What happened was somehow the computer's "name" got changed during one or more of these attempts, to a generic phrase, not the same one the Image was saved under (the one that the original install of Windows 10 gave it).
So I suppose that Windows looks for an Image with the same name as the PC it is currently trying to restore. So it was probably finding the USB drive, but not seeing any Images there that it rtecognized.
Possibly one can change the name of the file somehow, but you need to know what name the restoral program is looking for.
That might be an extra step, but I sure don't know how to resolve it if I am correct in my assumption. I guess if it's JUST the file name on the folder, I could change it on my laptop first, then plug it into the desktop PC.
10-16-2016 06:32 PM - edited 10-16-2016 06:35 PM
> Below is the BIOS page: Both Floppy and NetworkBoot are greyed-out to prevent selection.
Correct. Underneath the "top" window, none of the "1st/2nd/3rd/4th" entries allow booting from the "floppy" (or the "network") group. So, that group is greyed-out.

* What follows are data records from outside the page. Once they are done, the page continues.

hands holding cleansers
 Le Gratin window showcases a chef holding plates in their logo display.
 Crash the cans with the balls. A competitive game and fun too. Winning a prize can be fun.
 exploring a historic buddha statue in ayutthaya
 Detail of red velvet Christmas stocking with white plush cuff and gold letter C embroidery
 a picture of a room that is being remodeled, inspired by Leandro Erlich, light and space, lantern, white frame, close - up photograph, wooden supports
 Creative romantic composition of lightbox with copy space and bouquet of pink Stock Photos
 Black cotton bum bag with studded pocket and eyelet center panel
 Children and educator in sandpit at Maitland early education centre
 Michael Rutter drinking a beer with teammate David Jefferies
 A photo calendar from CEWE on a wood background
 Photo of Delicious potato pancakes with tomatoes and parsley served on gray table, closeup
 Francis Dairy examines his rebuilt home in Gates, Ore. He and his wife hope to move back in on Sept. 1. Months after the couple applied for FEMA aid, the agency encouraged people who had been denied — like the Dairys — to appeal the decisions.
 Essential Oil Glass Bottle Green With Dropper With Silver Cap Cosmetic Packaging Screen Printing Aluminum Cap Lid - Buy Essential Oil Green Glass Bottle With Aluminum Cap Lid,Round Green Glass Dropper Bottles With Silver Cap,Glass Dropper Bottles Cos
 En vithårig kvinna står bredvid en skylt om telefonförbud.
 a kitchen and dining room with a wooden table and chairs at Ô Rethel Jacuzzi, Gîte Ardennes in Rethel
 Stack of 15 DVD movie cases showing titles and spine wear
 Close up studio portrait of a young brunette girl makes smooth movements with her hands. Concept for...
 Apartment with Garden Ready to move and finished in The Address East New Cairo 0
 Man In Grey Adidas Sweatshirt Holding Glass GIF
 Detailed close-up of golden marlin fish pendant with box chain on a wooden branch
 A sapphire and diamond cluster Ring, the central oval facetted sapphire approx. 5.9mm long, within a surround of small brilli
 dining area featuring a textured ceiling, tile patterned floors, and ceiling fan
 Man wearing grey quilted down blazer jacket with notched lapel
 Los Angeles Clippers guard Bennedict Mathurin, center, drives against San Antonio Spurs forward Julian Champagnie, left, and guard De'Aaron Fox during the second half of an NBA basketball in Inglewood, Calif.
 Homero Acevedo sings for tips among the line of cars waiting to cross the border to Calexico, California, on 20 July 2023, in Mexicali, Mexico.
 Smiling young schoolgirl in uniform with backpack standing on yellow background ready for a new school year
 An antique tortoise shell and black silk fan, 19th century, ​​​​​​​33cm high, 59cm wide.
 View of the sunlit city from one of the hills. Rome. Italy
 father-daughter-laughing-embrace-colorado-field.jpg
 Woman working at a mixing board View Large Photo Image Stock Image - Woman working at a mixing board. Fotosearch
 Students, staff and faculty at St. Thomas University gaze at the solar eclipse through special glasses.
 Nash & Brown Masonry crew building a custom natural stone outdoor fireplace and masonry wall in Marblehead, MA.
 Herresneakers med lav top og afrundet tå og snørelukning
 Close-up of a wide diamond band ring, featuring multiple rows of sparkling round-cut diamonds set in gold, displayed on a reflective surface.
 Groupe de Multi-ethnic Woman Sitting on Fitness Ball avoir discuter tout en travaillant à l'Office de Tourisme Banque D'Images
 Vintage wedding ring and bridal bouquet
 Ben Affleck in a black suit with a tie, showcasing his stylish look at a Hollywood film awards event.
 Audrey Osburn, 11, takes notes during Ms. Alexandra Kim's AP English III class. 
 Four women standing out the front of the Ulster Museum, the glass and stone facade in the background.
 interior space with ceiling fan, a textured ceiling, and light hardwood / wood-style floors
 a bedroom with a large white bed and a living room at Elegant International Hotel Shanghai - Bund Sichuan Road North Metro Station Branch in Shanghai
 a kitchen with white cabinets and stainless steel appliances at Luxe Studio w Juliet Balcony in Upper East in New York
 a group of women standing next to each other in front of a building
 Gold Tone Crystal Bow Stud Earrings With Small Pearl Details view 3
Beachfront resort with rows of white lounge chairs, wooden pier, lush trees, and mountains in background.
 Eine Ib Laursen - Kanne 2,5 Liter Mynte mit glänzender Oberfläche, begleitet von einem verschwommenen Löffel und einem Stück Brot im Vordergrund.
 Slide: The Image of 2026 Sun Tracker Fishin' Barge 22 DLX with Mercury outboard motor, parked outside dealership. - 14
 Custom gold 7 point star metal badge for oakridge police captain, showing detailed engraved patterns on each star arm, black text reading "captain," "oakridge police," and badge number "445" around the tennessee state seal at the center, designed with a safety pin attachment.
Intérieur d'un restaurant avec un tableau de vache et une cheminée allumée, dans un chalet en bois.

As others have said, with the computer powered-off, connect the external USB device.
Then, as in the image you posted, enable booting from the "disk drive" group in the "1st" entry.
Then, in the "disk drive group", see if both the USB device and your disk-drive are members of that group.
If so, "promote" the USB device to be "above" the disk-drive device.
Thus, the "boot" process will first access the "1st" group, and will first select the USB device from that group.
Got a "spare" USB memory-stick, that is empty?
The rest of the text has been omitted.